Salah satu pendekatan yang kita kenal adalah melalui pendekatan intensi atau niatan, yaitu sebuah proses pendekatan yang mengkaji proses yang melatarbelakangi kelahiran sebuah sajak, proses ini bermula dari intensi penulisan sang penyair, apa yang ia rasakan dan ingin tuangkan dalam sajak adalah bagian yang terpenting oleh karena intensi penyair seringkali digali lewat proses pengendapan dalam diri si penyair dalam rentang waktu tertentu. Seyogyanyalah kelahiran sebuah sajak lahir lewat suatu pengendapan yang sublim, namun tidaklah tertutup kemungkinan bahwa gaya pengungkapan sajak seseorang yang lahir secara spontan tak menghasilkan hasil akhir yang bagus.

Yang terutama sekali dalam proses penulisan itu si penyair mampu mencapai kondisi yang sublim yang membius pikiran dan perasaannya sebagai sebuah perwujudan intensi yang kuat, gelora perasaan, gelombang hasrat yang menyentuh intuisi dan kepekaan puitik dalam diri seorang penyair, sebuah kegelisahan yang menerbitkan api kreativitas. Proses ini bisa terjadi secara spontan manakala penyair dihadapkan pada suatu realitas yang memicu sebuah pengalaman puitik dalam dirinya, tetapi dalam karya-karya kontemplatif seringkali membutuhkan selang waktu beberapa lama untuk mencapai pengendapan yang sublim. Dalam kondisi ini di tuntut seorang penyair yang secara intens mau mengasah bakat dan kepekaannya, bagaimana hatinya dapat tergerak oleh sentuhan peristiwa-peristiwa kecil sederhana, seperti, gugur dedaunan, bocah bermain, rintik hujan, gonggong anjing. Demikian pula proses yang melalui lentik pemikiran seperti perenungan atas kehidupan, kematian, keimanan juga gugahan rasa atas peristiwa tertentu yang melanda si penyair semacam kesedihan, kemarahan, kegembiraan, adalah segala bentuk pikiran dan perasaan yang sanggup menyentil hasrat kepenyairan dalam diri seorang manusia. Demikian pula dengan percobaan penulisan yang secara terus menerus diasah dan efek penulisan yang berusaha dicapai oleh seorang penyair untuk menghasilkan sebuah gaya pengucapan yang baru atau sama sekali berbeda dari konvensi berbahasa yang umum.
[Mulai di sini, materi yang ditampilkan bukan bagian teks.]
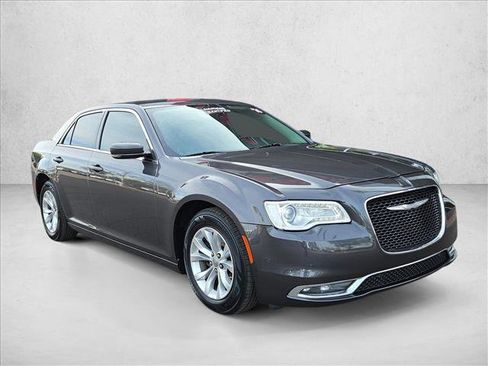 Used 2016 Chrysler 300 Limited w/ 300 Premium Group image 3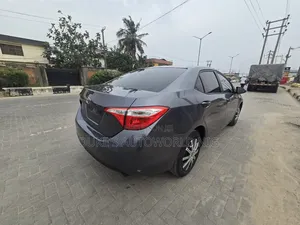 Toyota Corolla LE ECO Premium (1.8L 4cyl CVT) 2016 Gray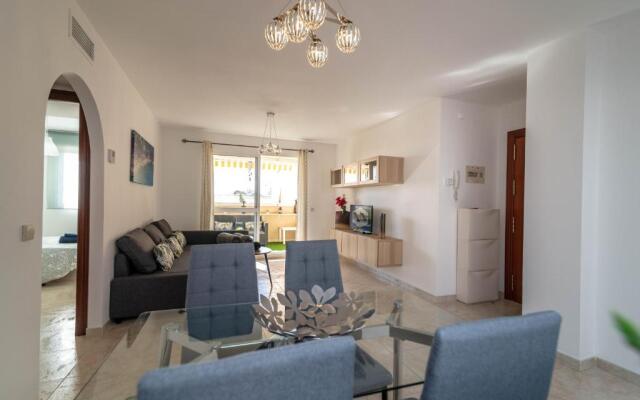 N&A Golondrinas Recently Renovated 2bdr Apt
Tapi intensi sajak tidak cuma berhenti sampai di situ, intensi penyair masih harus dituangkan dalam kata-kata. Di mana intensi kata-kata harus dipahami lebih lanjut sebagai sebuah proses yang menuntut seorang penyair untuk lebih jauh merasuk ke dalam struktur pengucapan, ke lorong-lorong bahasa, menggali kemerduan bunyi, menyiasati pengimajian, mengolah simbol dan perlambangan. Dalam tahap ini penyair bisa saja berhasil tapi mungkin pula ia menjadi tersesat ke dalam labirin kata-kata, atau terbata-bata dalam pengungkapan bahasa puitiknya, karena sublimitas yang dialami seorang penyair adalah sebuah kondisi yang abstrak yang sulit diterjemahkan atau dijabarkan dalam sebuah perwujudan sajak yang bagus dan berhasil.
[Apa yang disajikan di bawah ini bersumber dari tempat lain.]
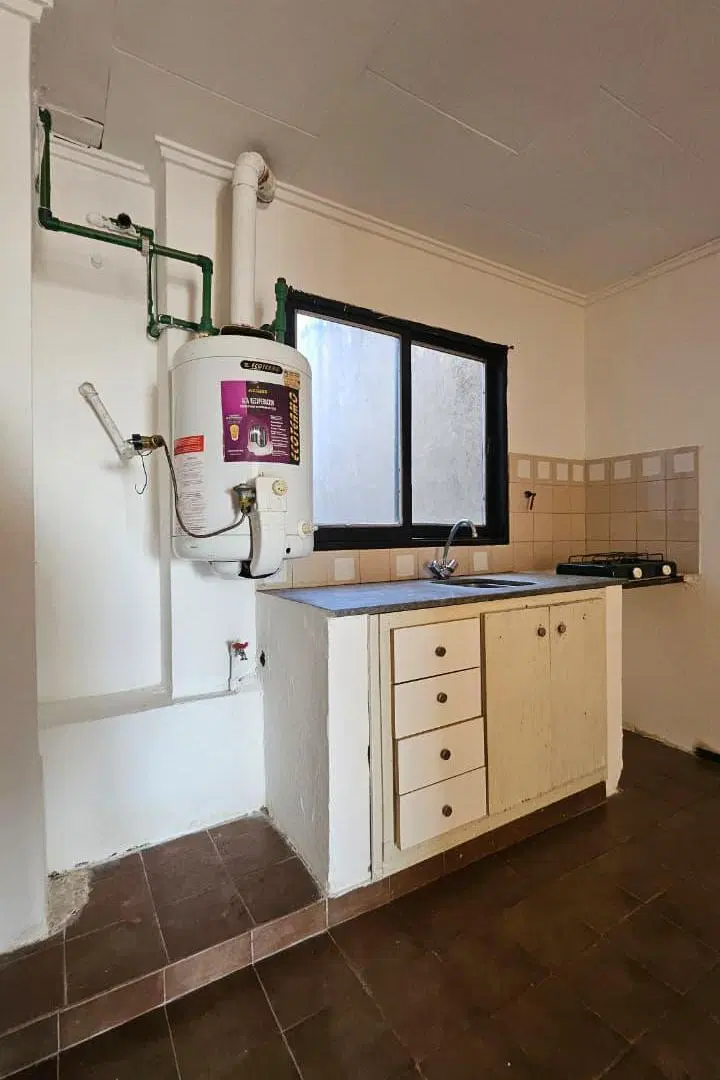 SE VENDE MONOAMBIENTE EN EL CORAZON DE ALTO ALBERDI CON ESCRITURA Y POSESION INMEDIATA. 2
Dalam tahap ini seorang penyair harus waspada dalam pemilihan unsur-unsur pembentuk sajaknya, tidak sembarang pilihan diksi dapat mewakili karena intensi penyair bisa saja hilang tertelan kata-kata yang dipilihnya, manakala kata-kata tersebut tampil terlampau naïf, terlampau klise atau justru terlampau mubazir berlebihan, sehingga intensi kata-kata itu jadi tak sampai, gagap menerjemahkan intensi penyair, atau gagal menimbulkan impresi yang ingin di wujudkan si penyair. Sajak menjadi gelap karena intensi kata terasa usang, atau sajak berubah menjadi kitsch karena dangkal wawasan dan pengendapan, tidak ada sublimitas atau greget, tidak ada nilai-nilai kebenaran yang terkandung di dalam sajak itu. Sublimitas diri penyair tidak berhasil di cairkan ke dalam pilihan kata-kata yang tepat sehingga terjadilah antiklimaks, sajak mati sebelum intuisi penyair sampai.
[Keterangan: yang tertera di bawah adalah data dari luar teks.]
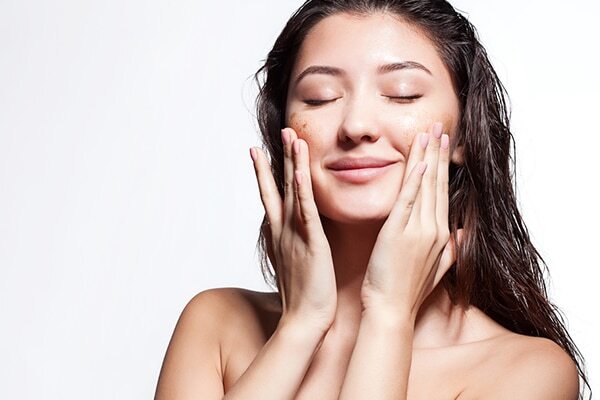 Use a makeup sponge for an airbrushed finish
Memang sajak yang baik tidak selalu harus komunikatif, justru seringkali sajak tampil terbalut oleh misteri yang rumit namun mengasyikkan, terbungkus oleh metafora yang halus berlapis-lapis yang semakin kuat menimbulkan citra atau pengimajian yang lebih kaya. Banyak sajak yang tetap bernilai tanpa sepenuhnya dapat dipahami karena intensi kata yang multi tafsir yang dapat lahir dari negasinya, bahkan intensi kata bisa tampil di luar arti leksikon atau arti harafiah kata itu sendiri, intensi muncul dari kekayaan interpretasi, dalam hal ini kita masuk ke dalam proses selanjutnya yaitu penelusuran atas intensi pembaca dalam mengapresiasi sebuah sajak.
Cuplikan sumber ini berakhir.